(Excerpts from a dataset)
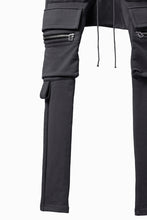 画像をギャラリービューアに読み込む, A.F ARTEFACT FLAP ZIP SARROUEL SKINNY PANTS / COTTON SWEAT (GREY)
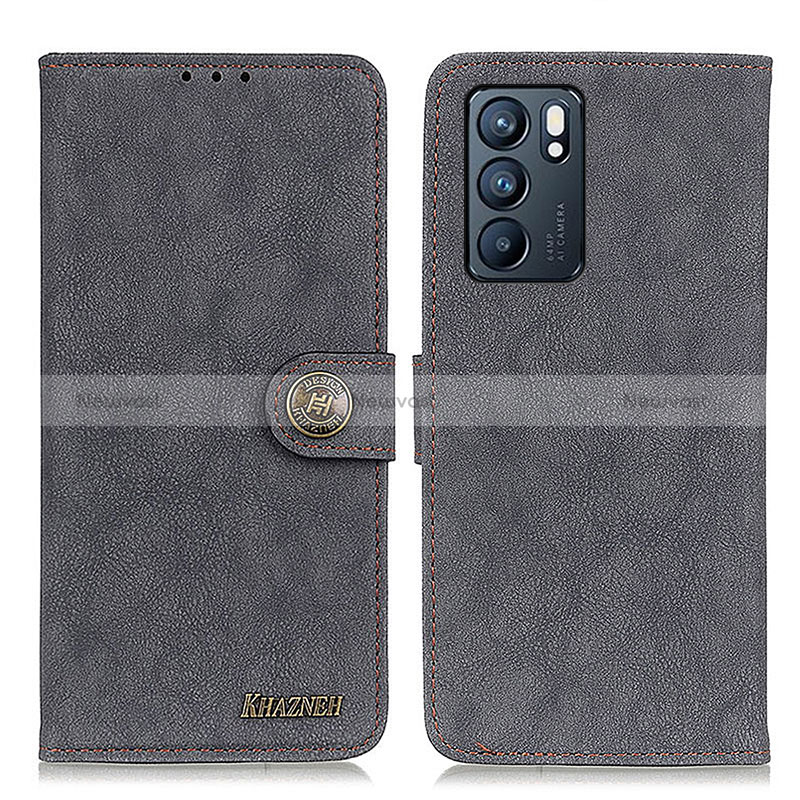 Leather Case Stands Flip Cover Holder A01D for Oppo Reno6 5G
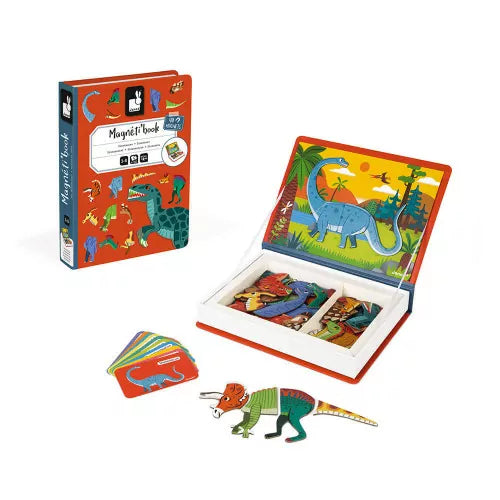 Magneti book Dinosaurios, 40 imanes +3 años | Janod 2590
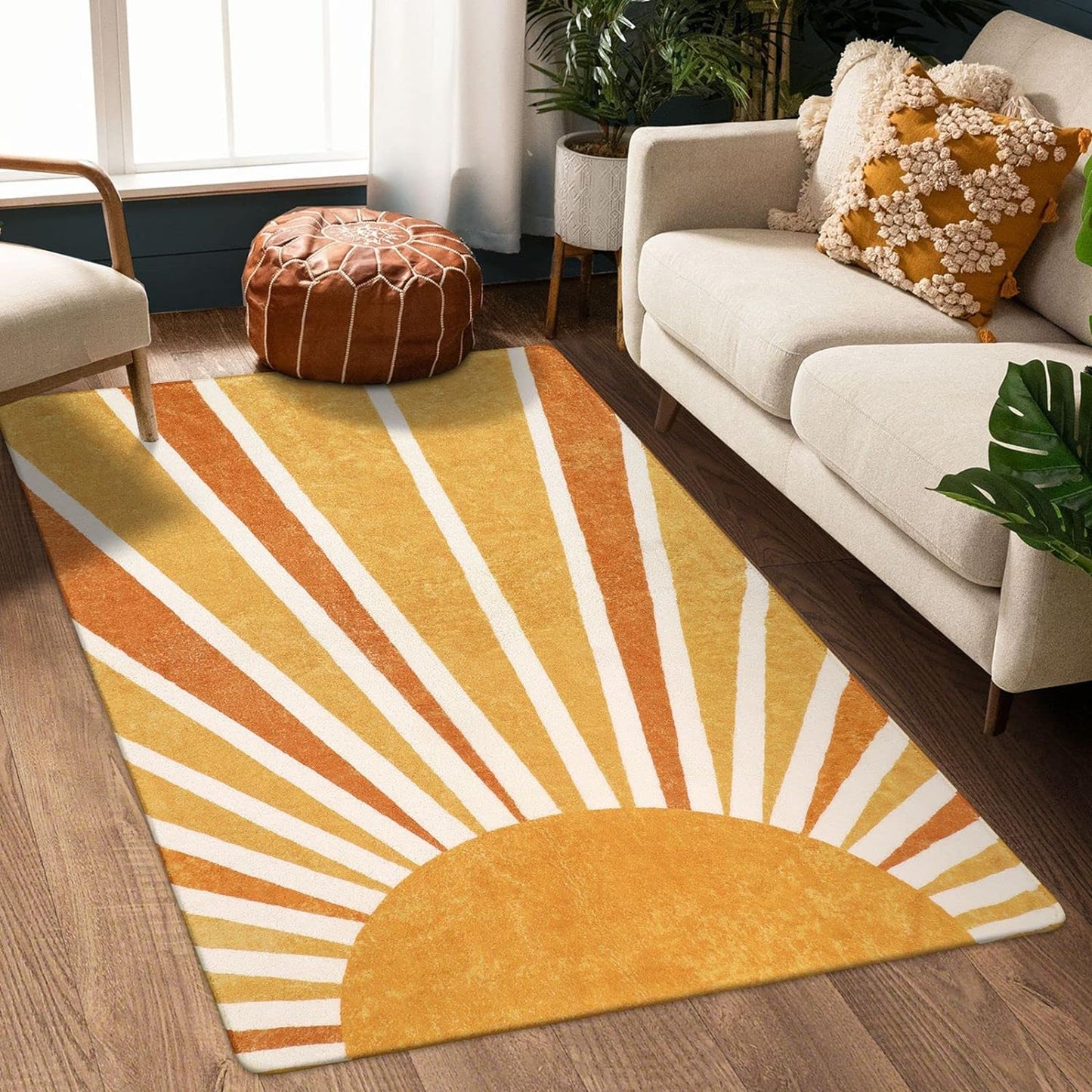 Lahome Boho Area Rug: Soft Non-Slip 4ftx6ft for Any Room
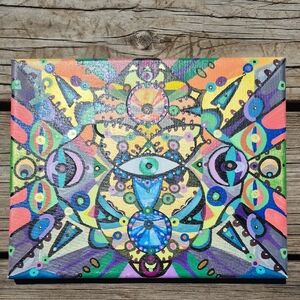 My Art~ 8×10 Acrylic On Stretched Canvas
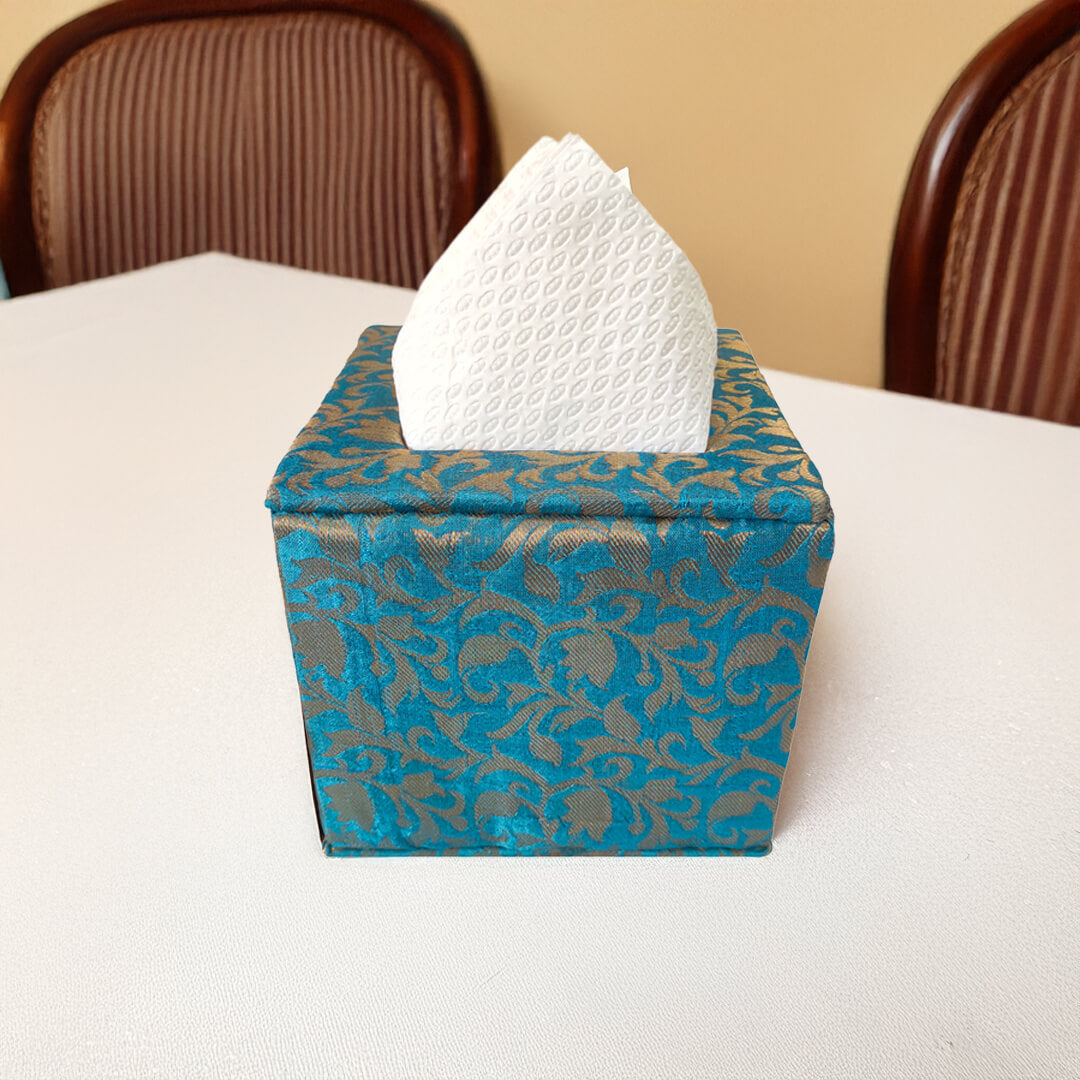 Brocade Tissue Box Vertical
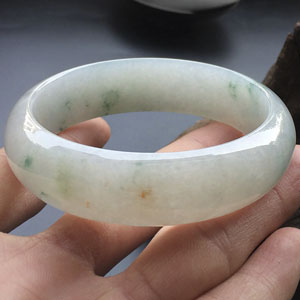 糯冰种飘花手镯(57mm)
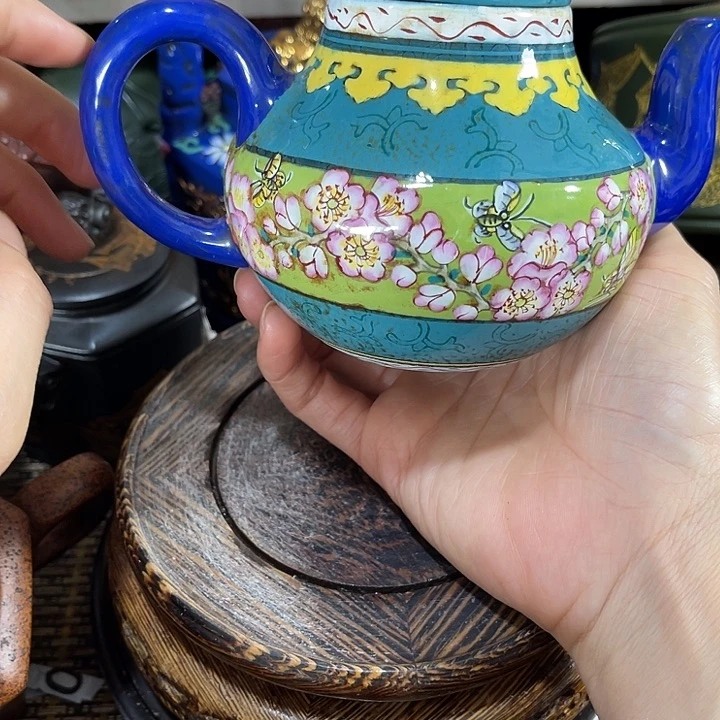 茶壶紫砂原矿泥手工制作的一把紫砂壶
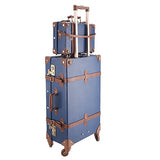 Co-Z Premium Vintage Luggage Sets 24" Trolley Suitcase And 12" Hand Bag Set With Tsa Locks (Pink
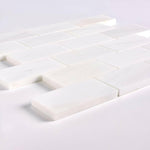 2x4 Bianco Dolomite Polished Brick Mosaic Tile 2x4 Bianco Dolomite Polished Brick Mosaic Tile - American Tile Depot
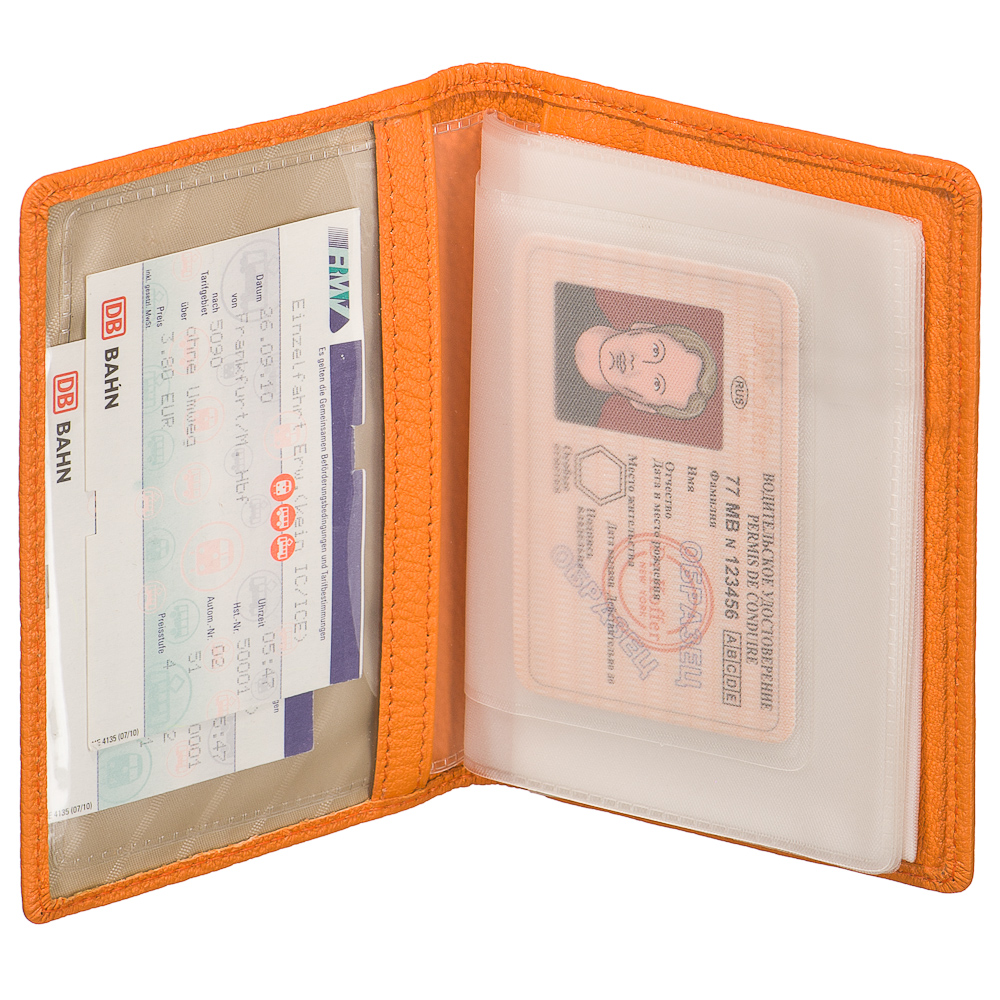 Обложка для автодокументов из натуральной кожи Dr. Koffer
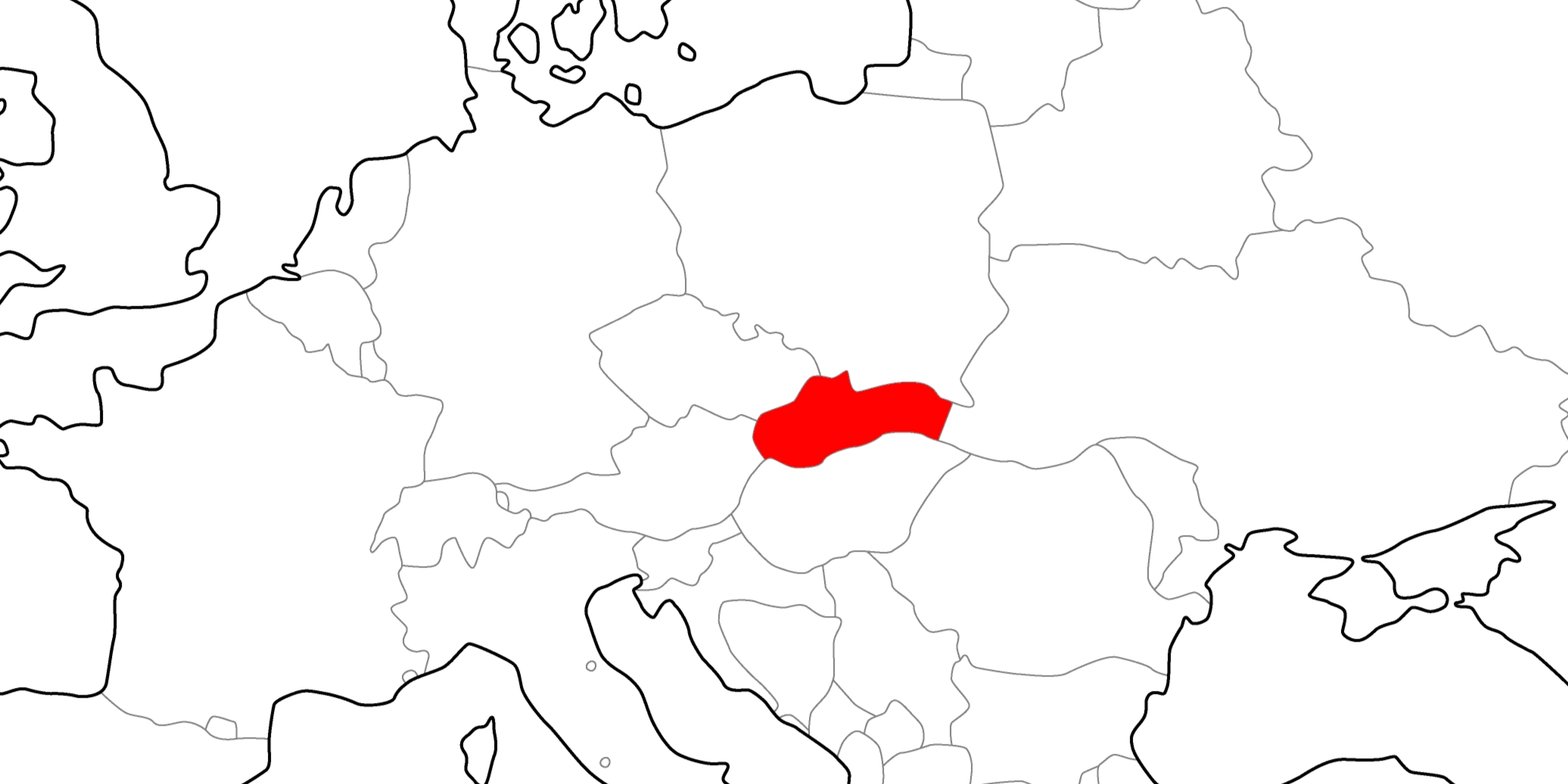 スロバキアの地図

> **ACTIVITY**
The lines to repeat start at the one holding "糯冰种飘花手镯(57mm)" and run through the last line of the records above; write them out exactly, both ends included, but not the pictures.

> **EXERCISE SOLUTION**
 糯冰种飘花手镯(57mm)
 茶壶紫砂原矿泥手工制作的一把紫砂壶
 Co-Z Premium Vintage Luggage Sets 24" Trolley Suitcase And 12" Hand Bag Set With Tsa Locks (Pink
 2x4 Bianco Dolomite Polished Brick Mosaic Tile 2x4 Bianco Dolomite Polished Brick Mosaic Tile - American Tile Depot
 Обложка для автодокументов из натуральной кожи Dr. Koffer
 スロバキアの地図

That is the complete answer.